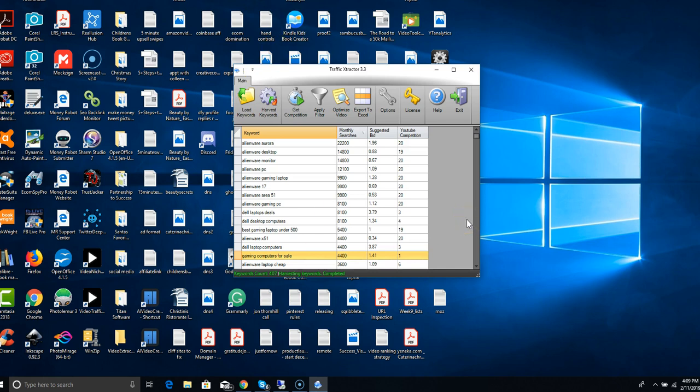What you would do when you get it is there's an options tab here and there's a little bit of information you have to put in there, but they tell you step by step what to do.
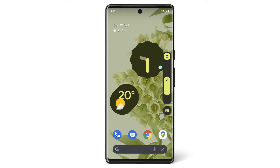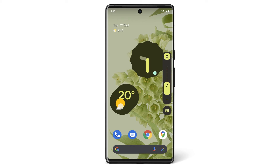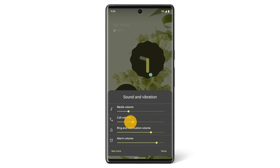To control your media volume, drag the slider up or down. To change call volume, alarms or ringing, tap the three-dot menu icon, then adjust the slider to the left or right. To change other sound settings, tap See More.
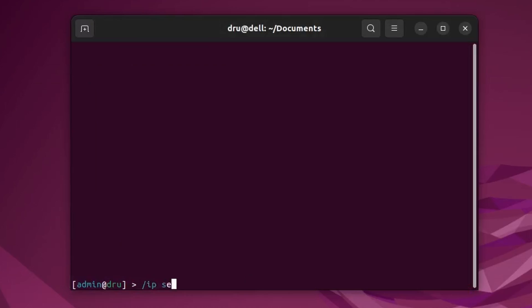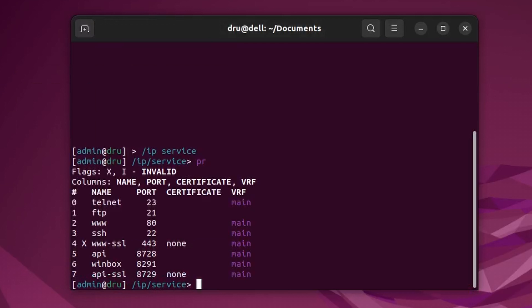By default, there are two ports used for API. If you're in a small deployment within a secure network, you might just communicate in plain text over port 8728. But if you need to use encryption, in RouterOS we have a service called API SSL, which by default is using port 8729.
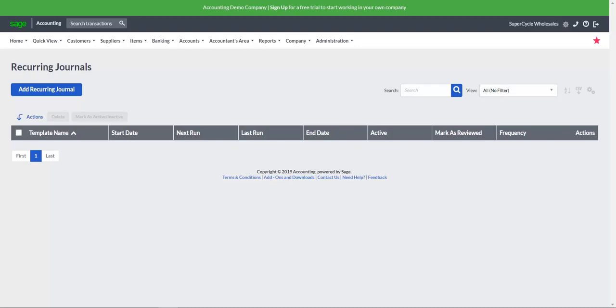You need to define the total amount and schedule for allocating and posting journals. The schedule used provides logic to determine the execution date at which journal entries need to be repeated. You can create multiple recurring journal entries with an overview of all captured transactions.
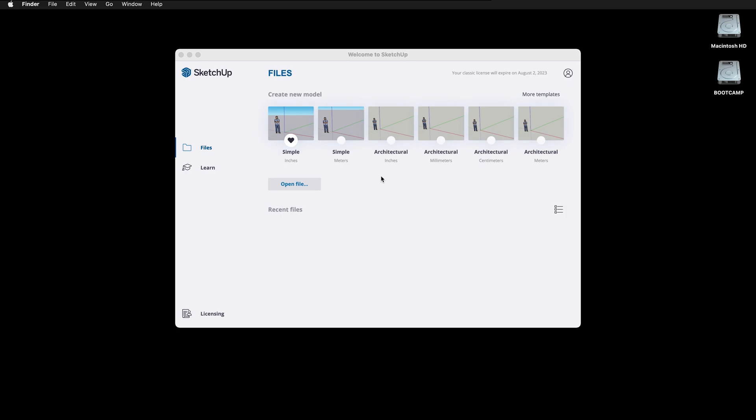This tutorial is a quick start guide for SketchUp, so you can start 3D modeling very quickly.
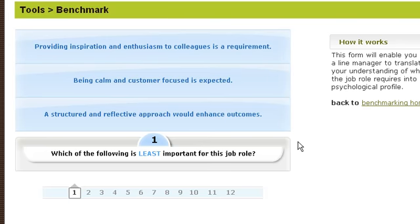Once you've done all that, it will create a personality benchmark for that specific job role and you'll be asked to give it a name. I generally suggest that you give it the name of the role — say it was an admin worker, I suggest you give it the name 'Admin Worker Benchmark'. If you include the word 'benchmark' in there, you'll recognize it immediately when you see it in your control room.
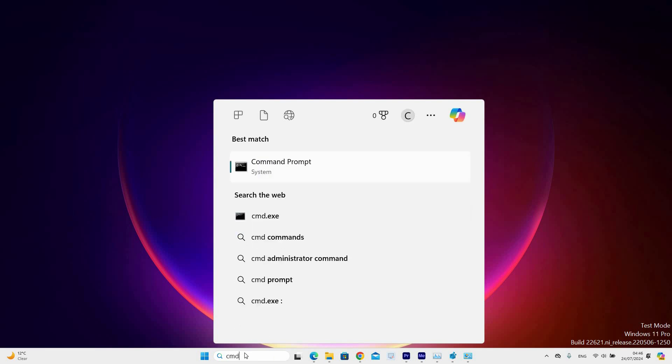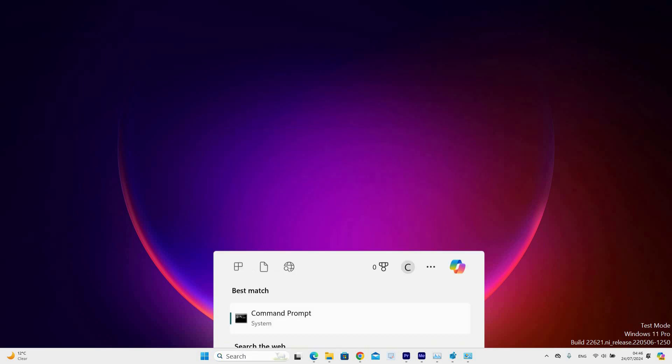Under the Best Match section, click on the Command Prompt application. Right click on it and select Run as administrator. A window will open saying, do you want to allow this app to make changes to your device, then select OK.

**Task statement:**
Any images must be dropped; all other material is to be printed exactly.

**Result of the task:**
What you would do when you get it is there's an options tab here and there's a little bit of information you have to put in there, but they tell you step by step what to do.
To control your media volume, drag the slider up or down. To change call volume, alarms or ringing, tap the three-dot menu icon, then adjust the slider to the left or right. To change other sound settings, tap See More.
By default, there are two ports used for API. If you're in a small deployment within a secure network, you might just communicate in plain text over port 8728. But if you need to use encryption, in RouterOS we have a service called API SSL, which by default is using port 8729.
You need to define the total amount and schedule for allocating and posting journals. The schedule used provides logic to determine the execution date at which journal entries need to be repeated. You can create multiple recurring journal entries with an overview of all captured transactions.
This tutorial is a quick start guide for SketchUp, so you can start 3D modeling very quickly.
Once you've done all that, it will create a personality benchmark for that specific job role and you'll be asked to give it a name. I generally suggest that you give it the name of the role — say it was an admin worker, I suggest you give it the name 'Admin Worker Benchmark'. If you include the word 'benchmark' in there, you'll recognize it immediately when you see it in your control room.
Under the Best Match section, click on the Command Prompt application. Right click on it and select Run as administrator. A window will open saying, do you want to allow this app to make changes to your device, then select OK.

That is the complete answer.